Below are some records. Retype exactly the lines from the one containing "Carte Géoportail pour les drones de loisir" through the one containing "Steelpan Le Creuset", both included, skipping every picture.

▸ **Listed records**
****************************************
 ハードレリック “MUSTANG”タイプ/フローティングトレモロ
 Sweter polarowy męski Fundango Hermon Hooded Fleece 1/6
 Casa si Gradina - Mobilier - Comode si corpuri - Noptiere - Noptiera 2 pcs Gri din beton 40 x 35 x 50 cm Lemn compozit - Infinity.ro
****************************************
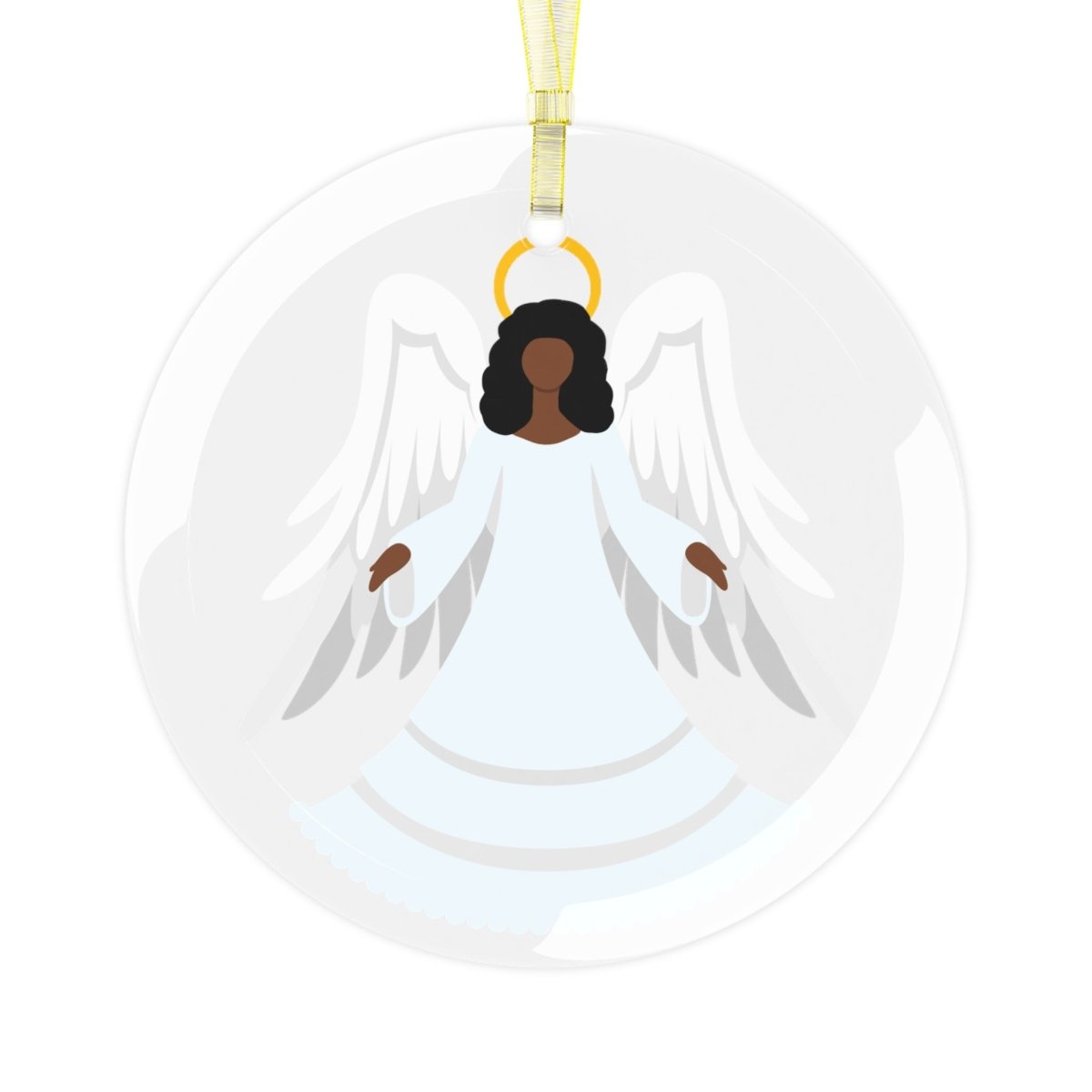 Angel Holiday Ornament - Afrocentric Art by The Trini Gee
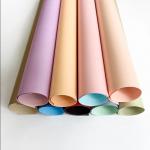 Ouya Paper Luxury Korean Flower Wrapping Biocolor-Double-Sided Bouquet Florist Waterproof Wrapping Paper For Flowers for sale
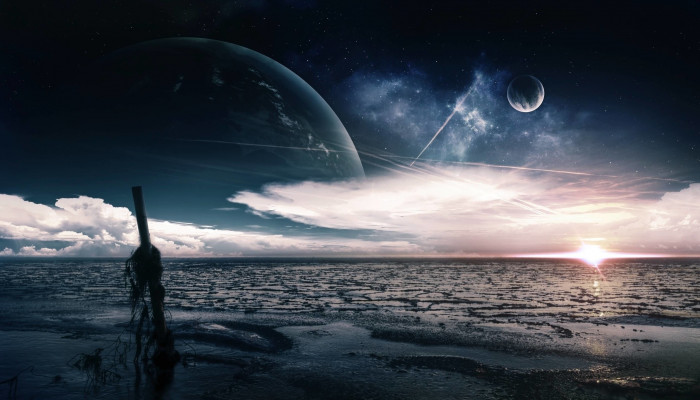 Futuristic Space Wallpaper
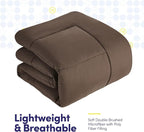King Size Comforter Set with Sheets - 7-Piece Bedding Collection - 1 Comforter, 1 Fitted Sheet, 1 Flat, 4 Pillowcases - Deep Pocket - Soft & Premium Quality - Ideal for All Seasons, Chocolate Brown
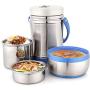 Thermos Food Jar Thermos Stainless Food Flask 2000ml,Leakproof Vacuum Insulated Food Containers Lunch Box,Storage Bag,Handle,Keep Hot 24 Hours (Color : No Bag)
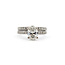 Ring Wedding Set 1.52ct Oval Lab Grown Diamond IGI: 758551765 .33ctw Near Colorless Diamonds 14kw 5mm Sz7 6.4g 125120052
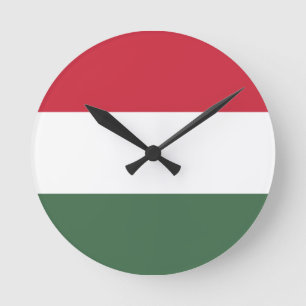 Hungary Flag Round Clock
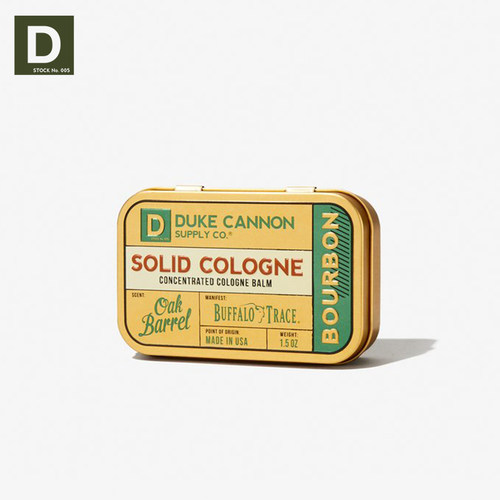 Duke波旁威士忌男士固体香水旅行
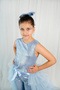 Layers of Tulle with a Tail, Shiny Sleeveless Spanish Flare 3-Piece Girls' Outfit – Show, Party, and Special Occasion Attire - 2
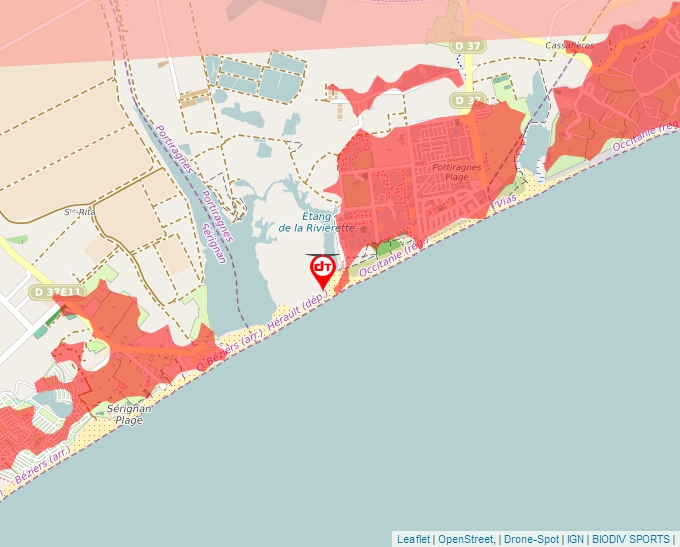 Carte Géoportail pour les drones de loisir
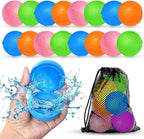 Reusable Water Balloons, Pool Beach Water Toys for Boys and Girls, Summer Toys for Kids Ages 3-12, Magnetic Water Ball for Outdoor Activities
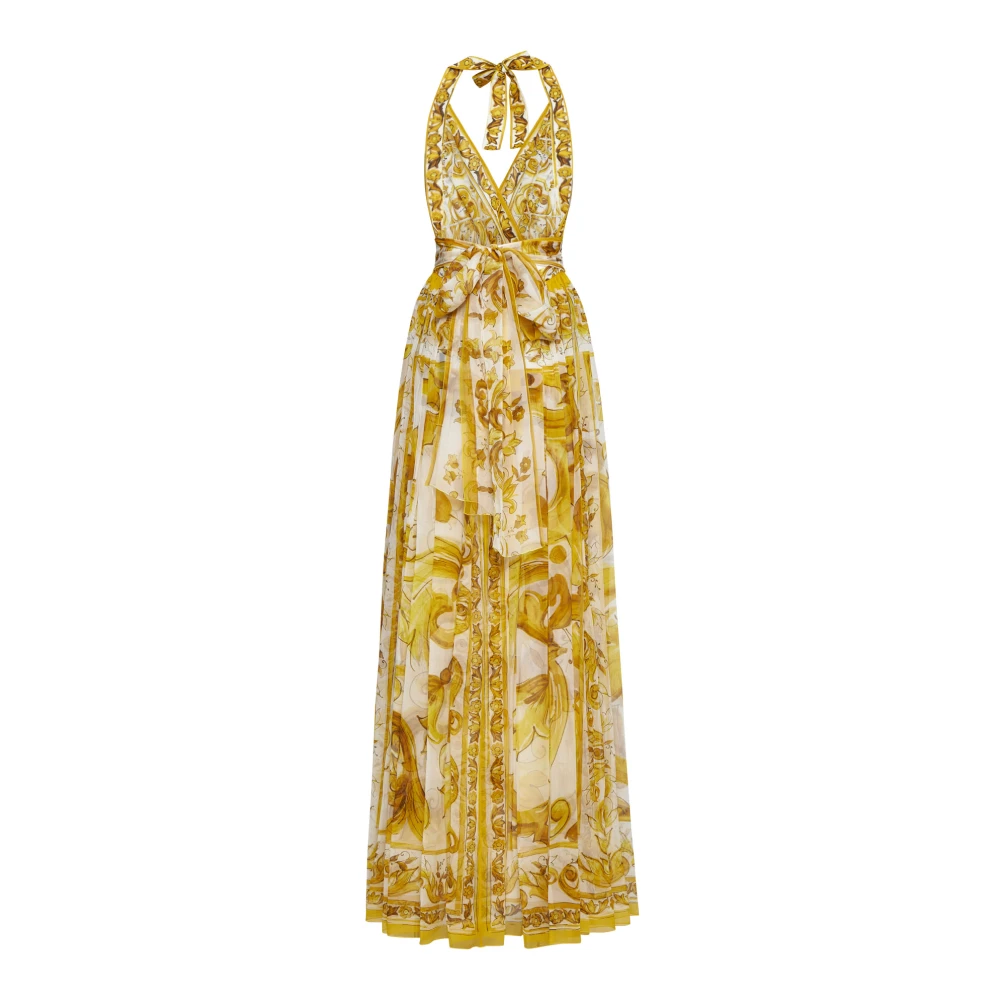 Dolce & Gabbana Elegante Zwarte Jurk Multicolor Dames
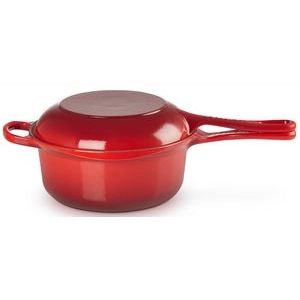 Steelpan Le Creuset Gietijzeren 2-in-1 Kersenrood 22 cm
****************************************
▸ **Output of the task**
 Carte Géoportail pour les drones de loisir
 Reusable Water Balloons, Pool Beach Water Toys for Boys and Girls, Summer Toys for Kids Ages 3-12, Magnetic Water Ball for Outdoor Activities
 Dolce & Gabbana Elegante Zwarte Jurk Multicolor Dames
 Steelpan Le Creuset Gietijzeren 2-in-1 Kersenrood 22 cm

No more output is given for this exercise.